Ho già detto che non si muore?

Bene, lo ripeto: in un gioco che fonde due saghe che fanno della morte il cardine esperienziale, non si muore! O si muore raramente, per dabbenaggine o inesperienza nella più parte del gioco, per improvviso accanimento dei nemici negli ultimi due labirinti (comunque completabili). E paradossalmente è bene che sia così, perché se si morisse come si muore nei titoli menzionati sarebbe la fine, per pesantezza e frustrazione. La struttura, come dicevo, è perfetta così com’è. Densa per le cose che bisogna fare, ma anche fluida nel dispiegarsi se si fanno bene i compitini. Si passa molto tempo a preparare il gruppo, poco a inventare soluzioni. Si gestisce e… si prova a non annoiarsi quando si entra in azione.
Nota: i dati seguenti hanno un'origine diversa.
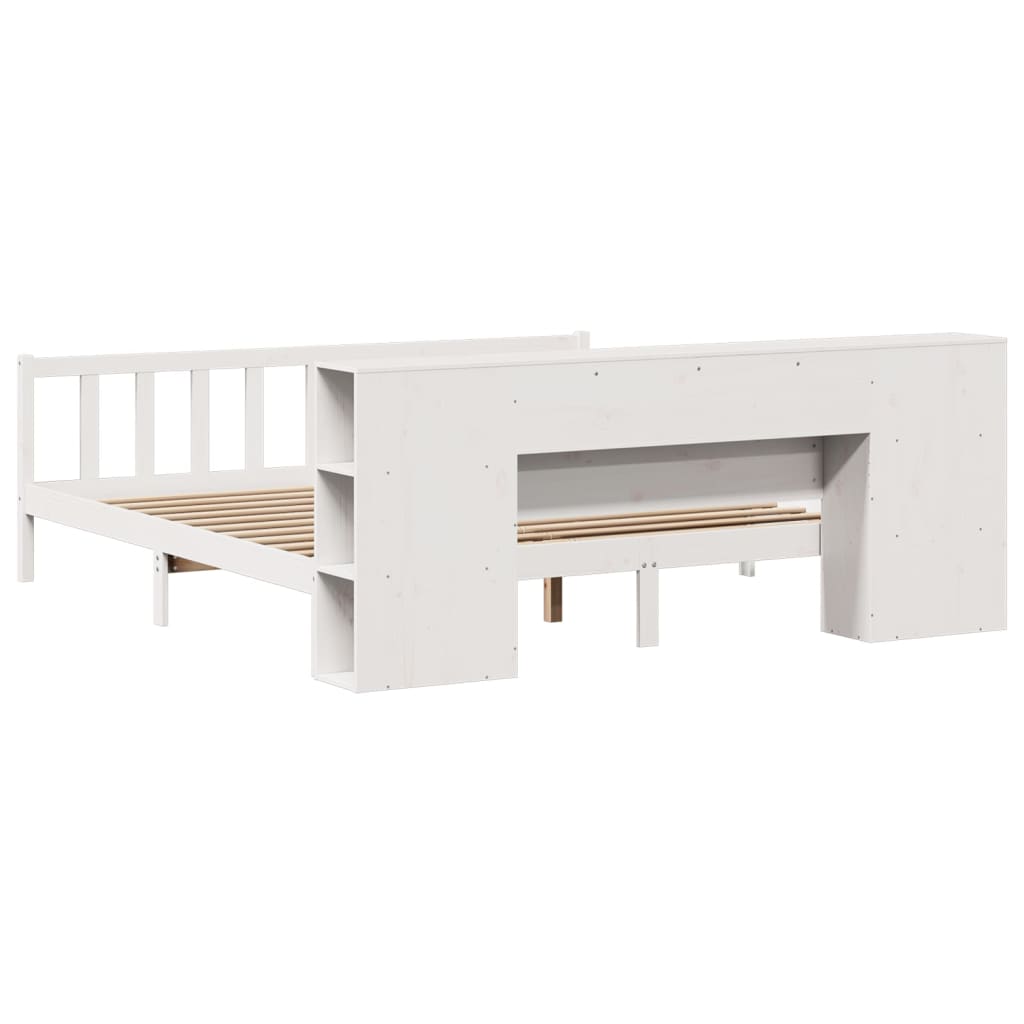 Lit bibliothèque sans matelas blanc 200x200 cm bois pin massif - XIOS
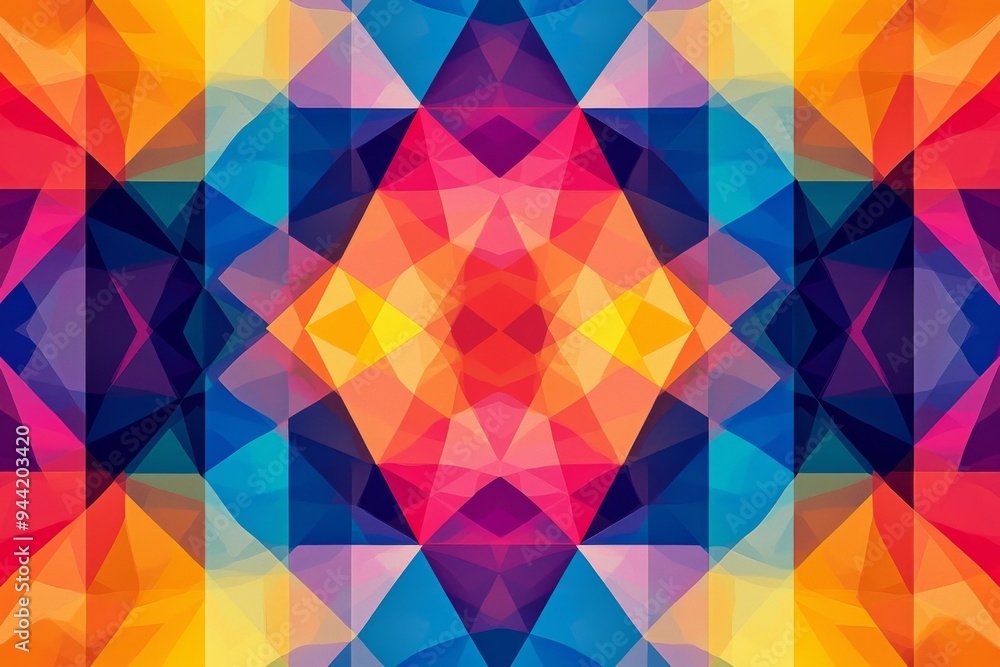 Canvas Prints abstract geometric pattern with vibrant colors created with generative ai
Struttura rifinita, pensata e ripensata, con applicazioni finali frutto di esperimenti e considerazioni, ma incapace di trasmettere emozioni concrete.

Quindi, in definitiva, è un gioco che ha poco senso di esistere. Anche appagante se si cerca qualcosa di relativamente impegnativo, di certo profondo quanto basta per lasciarsi giocare qualche decina di ore, ma emotivamente povero, lineare, sintetico: logico in quel che propone, arido nel rapporto col giocatore.

Ulteriore dimostrazione del fatto che il genere Mystery Dungeon funziona solo quando il suo team di sviluppo è libero di esprimersi nei canoni sublimi da esso stesso dettati: lì dove c’è paura e immaginazione. Senza questi fattori, un Mystery Dungeon è in definitiva scarna ripetizione. La logica del mercato, con i Pokémon Mystery Dungeon che vendono oltremodo e questo Etrian Mystery Dungeon appetibile per i fan della saga Atlus, impone alla piccola Spike Chunsoft esperimenti che rendano accessibili al grande pubblico le sue esclusive formule di gioco. Il risultato è questo: bella senz’anima.

Il risultato è un Etrian Odyssey mortificato dai dungeon casuali e un Mystery Dungeon rallentato da tutto ciò che è Etrian Odyssey. Il gioco funziona perché realizzato con cura e arricchito da tante trovate intelligenti che lo rendono omogeneo, armonico e coerente dall’inizio alla fine. Quasi impossibile trovare difetti intrinseci alla formula approntata. Per questo è buono e va considerato in sé e per sé come tale. Eppure, aprendo l’analisi a una visione globale, che tenga conto del genere di appartenenza, delle saghe di provenienza e del potenziale in esse racchiuso, del piacere che da esse scaturisce, non si può evitare di constatare come Etrian Mystery Dungeon sia costretto a rincorre sia il “padre” sia la “madre” senza essere né l’uno né l’altro, financo incapace di esprimere qualcosa di autentico. Tanto vale, ed è meglio, tornare su Etrian Odyssey III o IV, oppure rischiare il giapponese con Fuurai no Shiren 5 nel recente porting per PS Vita.

Ho comprato in un negozio nostrano Etrian Mystery Dungeon, con la sua bella scatola priva di manuale e dei bonus presenti nella versione americana, uscita qualche mese fa, ivi compreso il CD delle splendide musiche di Yuzo Koshiro. Della serie: aspettare di più, pagare altrettanto (o di più) e avere di meno. Ho giocato parecchio, ma non so quante ore: non mi sembra che il salvataggio indichi l’ammontare. E comunque in quei dannatissimi menu dalle scritte lillipuziane non si vede nulla! Ho traguardato un po’ tutto quel che c’era da traguardare… e sono rimasto a bocca asciutta. Mi aspettavo tanto ma tanto di più!